While not new, asymmetric warfare – in which a force employs proxy battles, disinformation campaigns, and other nontraditional and thus unpredictable tactics – remains a potent cyber weapon that many business leaders need to understand. However, David Masson, Director of Enterprise Security, Darktrace, says engaging bad actors in today’s cutthroat field of battle calls for another perhaps less obvious element.
“This is not a traditional, binary sort of war where it’s clear who your enemy is and what they’re doing or going to do,” he said. “There is great power in knowing not only who you’re up against but also yourself.”
One has only to glance quickly at the headlines today to see the power of misinformation (mistakes) and disinformation (outright lies) – on both sides of the geopolitical aisle.
“Disinformation is everywhere. If you only have time to listen to soundbites or read headlines on social media, you could easily become a victim of this ongoing info-war.”
Perils of the Information Age
But misinformation and disinformation are not occurring only in geopolitics; these phenomena are also happening at organizations worldwide.
The birth and proliferation of disruptive new technologies like the internet and social media have brought enormous societal changes. Now, there are channels of communication that would have been the stuff of science-fiction novels a generation ago. Smart mobile devices have only accelerated things.
“All this progress and tech have made information not just a boon and blessing but also, unfortunately, a potential threat,” said Masson. “Half-truths spread like wildfire now, as do outright lies and unfounded rumours. Altogether, these bits of disinformation have the power to make it very difficult for people to discern fact from fiction.”
Our interconnectedness poses substantial communication challenges, especially when a crisis needs explanation.
When cyber-threats disrupt an organization, potentially impacting millions of people, critical information can get lost in this rampant misinformation and disinformation. Poor delivery and slick spin can alienate the audience, as can the apparent bewilderment of the leaders of the victim business. Consumers and trusted partners often suffer the pitfalls of poor delivery, misguiding messaging, and fear of reputational damage from organizational leadership.
Organizations can also be slow or hesitant to get information out to customers or impacted parties after experiencing a cyber incident, and this can sometimes give an impression of reluctance to say anything at all, which sows seeds of doubt.
Disinformation as Cover
Distributed denial of service (DDoS) attacks threaten any IT team. A sudden surge of internet traffic to a company’s public-facing web or application servers can bring the walls down very quickly.
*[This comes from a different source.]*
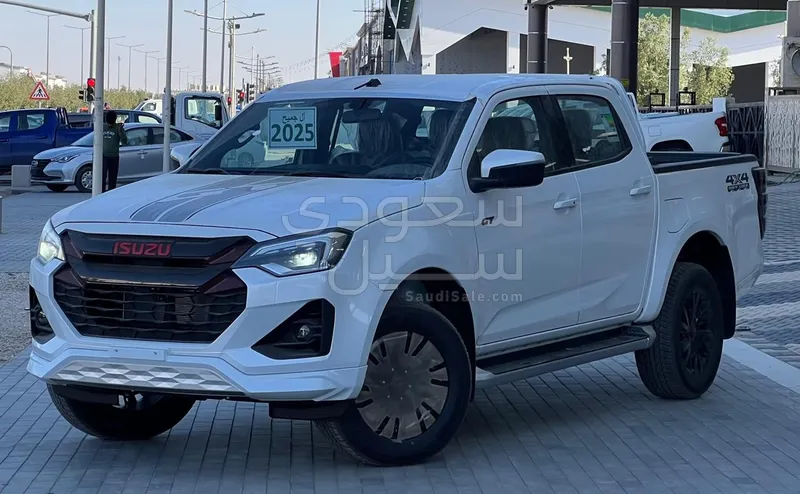 2025 ايسوزو بيكب غمارتين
These are incredibly damaging attacks, particularly for online businesses – causing potentially millions of dollars in lost revenue for every hour of downtime.
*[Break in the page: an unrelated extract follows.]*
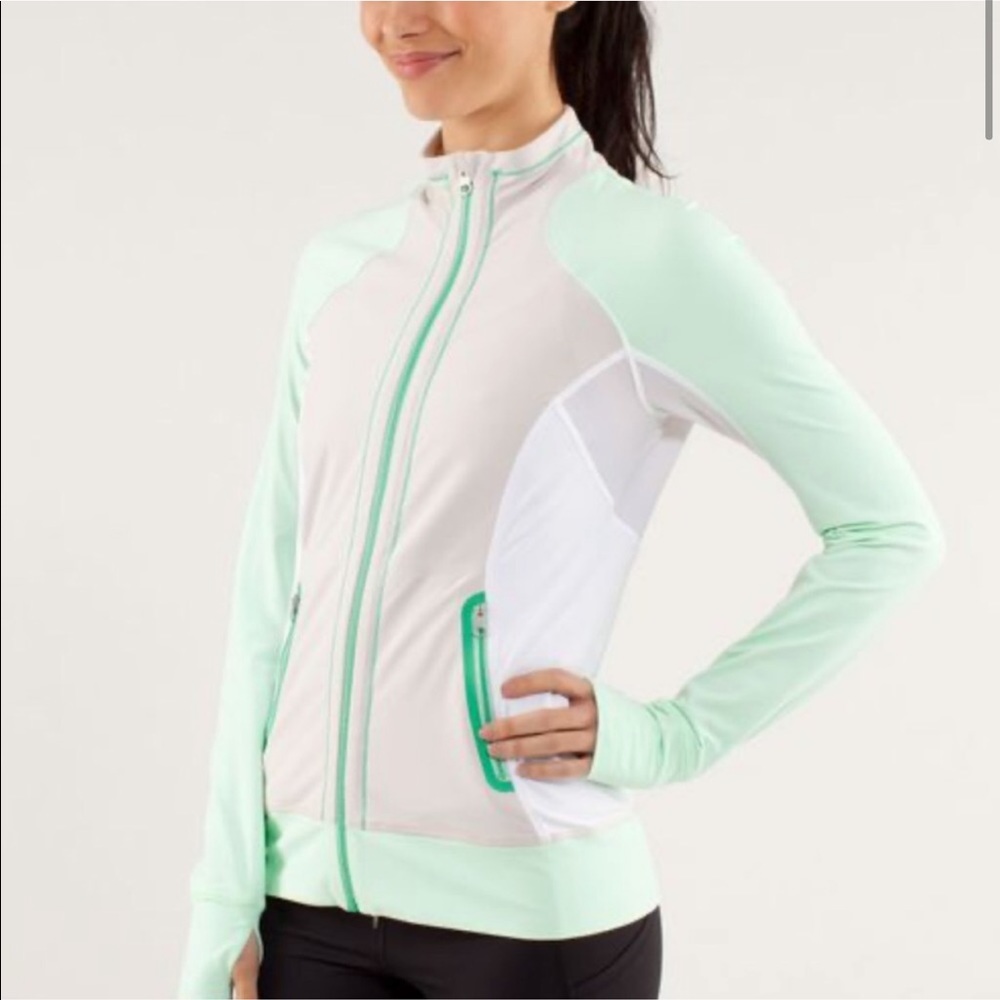 Lululemon Run Beach Runner Jacket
As dangerous as DDoS attacks are, though, they can be the least of IT’s problems.
“A DDoS attack can actually be a cover for a much bigger thing,” said Masson. “You might have a bad actor getting your attention with a DDoS attack as they mount a bigger, stealthier, and even more destructive attack. Cases like these are classic illustrations of how threat actors can use a distraction.”
Need for Truth
At a time when information travels widely and rapidly, mistakes and untruths can proliferate; this can – and does – disrupt the flow of useful information. For companies that have suffered a cyber incident, this can mean the difference between a minor breach and a full-blown cyber-attack with the potential to disrupt business operations for hours, days, or even weeks.
In this kind of world, said Masson, people become alienated. They don’t trust you.
Too often, when disclosing a cyber incident, organizations do not adequately understand what exactly occurred. Official disclosure statements regularly betray the fear and uncertainty felt by executive leaders about the extent of cyber-attacks within their business’s digital infrastructure.
“Organizations must be able to detect, contain, investigate, and respond to cyber-threats at their earliest stages, giving them a complete picture of the impact,” said Masson. “This knowledge then feeds into and supports confident disclosure quickly after an incident occurs.”
Reliable and confident crisis communications that promptly offer precise and accurate information will drive home reassurance about the events of a cyber-incident and the steps a business is taking to remediate the attack and prevent further disruption.
“A failure to disclose, or disclose appropriately, won’t stop eventual disclosure,” said Masson. “But it won’t be on the organization’s terms; they won’t have control of the message.”
In this world of communication immediacy, businesses should have public disclosures as part of their cyber response plans and be ready to discuss the incident in the public domain as soon and as openly as possible.
Visibility and Communication
Darktrace’s Enterprise Immune System offers the power of knowledge – the power of having a clear view of not only your operations but also of how any breakdown occurred.
With artificial intelligence (AI) technology, companies can get a good read on what’s happening inside their digital infrastructure (both IT and OT) in real-time, adequately preparing them for eventual disclosure. “Because they want this deep understanding,” he said, “more and more companies are turning to self-learning AI.”
“Cyber-threats are both inevitable and unpredictable,” said Masson. “We offer total visibility across your entire operation, from your network to the tools you use to your various endpoints. Our Enterprise Immune System harnesses AI to help you understand your organization more deeply. With visibility of this kind and depth, you can anticipate more cyber-threats and communicate both internally and externally what went wrong – when something (inevitably) does go wrong.”